■ **What the task asks**: All of the records should be restated word for word.

-- Excerpted data follows --

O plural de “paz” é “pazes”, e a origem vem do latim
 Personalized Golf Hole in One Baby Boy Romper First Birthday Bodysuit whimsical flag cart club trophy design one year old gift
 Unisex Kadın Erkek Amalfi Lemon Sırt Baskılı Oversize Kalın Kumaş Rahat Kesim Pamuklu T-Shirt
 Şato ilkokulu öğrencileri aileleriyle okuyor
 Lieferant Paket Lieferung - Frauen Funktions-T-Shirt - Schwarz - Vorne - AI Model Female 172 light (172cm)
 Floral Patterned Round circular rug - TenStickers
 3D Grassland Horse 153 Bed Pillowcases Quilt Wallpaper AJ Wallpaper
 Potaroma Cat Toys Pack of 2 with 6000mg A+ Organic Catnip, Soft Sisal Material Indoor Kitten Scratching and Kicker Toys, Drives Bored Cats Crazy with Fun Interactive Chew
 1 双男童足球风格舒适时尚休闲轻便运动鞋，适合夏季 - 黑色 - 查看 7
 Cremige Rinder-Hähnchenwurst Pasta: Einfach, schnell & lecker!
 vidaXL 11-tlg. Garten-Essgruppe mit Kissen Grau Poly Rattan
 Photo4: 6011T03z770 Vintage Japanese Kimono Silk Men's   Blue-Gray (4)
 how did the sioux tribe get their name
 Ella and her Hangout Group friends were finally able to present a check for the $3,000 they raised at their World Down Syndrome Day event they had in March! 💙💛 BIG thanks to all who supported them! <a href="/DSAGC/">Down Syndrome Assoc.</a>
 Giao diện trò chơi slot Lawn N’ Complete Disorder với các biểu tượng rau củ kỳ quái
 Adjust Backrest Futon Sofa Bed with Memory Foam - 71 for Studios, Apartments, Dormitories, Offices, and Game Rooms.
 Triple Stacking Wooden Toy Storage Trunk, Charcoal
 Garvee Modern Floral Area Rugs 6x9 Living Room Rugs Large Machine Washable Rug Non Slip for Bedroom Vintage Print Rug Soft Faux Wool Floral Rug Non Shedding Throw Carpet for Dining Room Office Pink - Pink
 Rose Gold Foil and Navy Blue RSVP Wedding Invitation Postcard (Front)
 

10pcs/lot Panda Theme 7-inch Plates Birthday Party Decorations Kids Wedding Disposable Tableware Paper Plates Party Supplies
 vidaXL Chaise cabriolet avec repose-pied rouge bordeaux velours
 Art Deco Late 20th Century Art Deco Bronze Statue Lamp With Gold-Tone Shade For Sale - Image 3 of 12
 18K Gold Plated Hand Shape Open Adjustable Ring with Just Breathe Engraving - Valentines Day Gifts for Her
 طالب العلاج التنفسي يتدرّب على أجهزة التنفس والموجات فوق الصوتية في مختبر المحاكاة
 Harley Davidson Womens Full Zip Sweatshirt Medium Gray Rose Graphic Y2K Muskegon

-- Excerpted data concluded --

■ **Problem solution**:
O plural de “paz” é “pazes”, e a origem vem do latim
 Personalized Golf Hole in One Baby Boy Romper First Birthday Bodysuit whimsical flag cart club trophy design one year old gift
 Unisex Kadın Erkek Amalfi Lemon Sırt Baskılı Oversize Kalın Kumaş Rahat Kesim Pamuklu T-Shirt
 Şato ilkokulu öğrencileri aileleriyle okuyor
 Lieferant Paket Lieferung - Frauen Funktions-T-Shirt - Schwarz - Vorne - AI Model Female 172 light (172cm)
 Floral Patterned Round circular rug - TenStickers
 3D Grassland Horse 153 Bed Pillowcases Quilt Wallpaper AJ Wallpaper
 Potaroma Cat Toys Pack of 2 with 6000mg A+ Organic Catnip, Soft Sisal Material Indoor Kitten Scratching and Kicker Toys, Drives Bored Cats Crazy with Fun Interactive Chew
 1 双男童足球风格舒适时尚休闲轻便运动鞋，适合夏季 - 黑色 - 查看 7
 Cremige Rinder-Hähnchenwurst Pasta: Einfach, schnell & lecker!
 vidaXL 11-tlg. Garten-Essgruppe mit Kissen Grau Poly Rattan
 Photo4: 6011T03z770 Vintage Japanese Kimono Silk Men's   Blue-Gray (4)
 how did the sioux tribe get their name
 Ella and her Hangout Group friends were finally able to present a check for the $3,000 they raised at their World Down Syndrome Day event they had in March! 💙💛 BIG thanks to all who supported them! <a href="/DSAGC/">Down Syndrome Assoc.</a>
 Giao diện trò chơi slot Lawn N’ Complete Disorder với các biểu tượng rau củ kỳ quái
 Adjust Backrest Futon Sofa Bed with Memory Foam - 71 for Studios, Apartments, Dormitories, Offices, and Game Rooms.
 Triple Stacking Wooden Toy Storage Trunk, Charcoal
 Garvee Modern Floral Area Rugs 6x9 Living Room Rugs Large Machine Washable Rug Non Slip for Bedroom Vintage Print Rug Soft Faux Wool Floral Rug Non Shedding Throw Carpet for Dining Room Office Pink - Pink
 Rose Gold Foil and Navy Blue RSVP Wedding Invitation Postcard (Front)
 

10pcs/lot Panda Theme 7-inch Plates Birthday Party Decorations Kids Wedding Disposable Tableware Paper Plates Party Supplies
 vidaXL Chaise cabriolet avec repose-pied rouge bordeaux velours
 Art Deco Late 20th Century Art Deco Bronze Statue Lamp With Gold-Tone Shade For Sale - Image 3 of 12
 18K Gold Plated Hand Shape Open Adjustable Ring with Just Breathe Engraving - Valentines Day Gifts for Her
 طالب العلاج التنفسي يتدرّب على أجهزة التنفس والموجات فوق الصوتية في مختبر المحاكاة
 Harley Davidson Womens Full Zip Sweatshirt Medium Gray Rose Graphic Y2K Muskegon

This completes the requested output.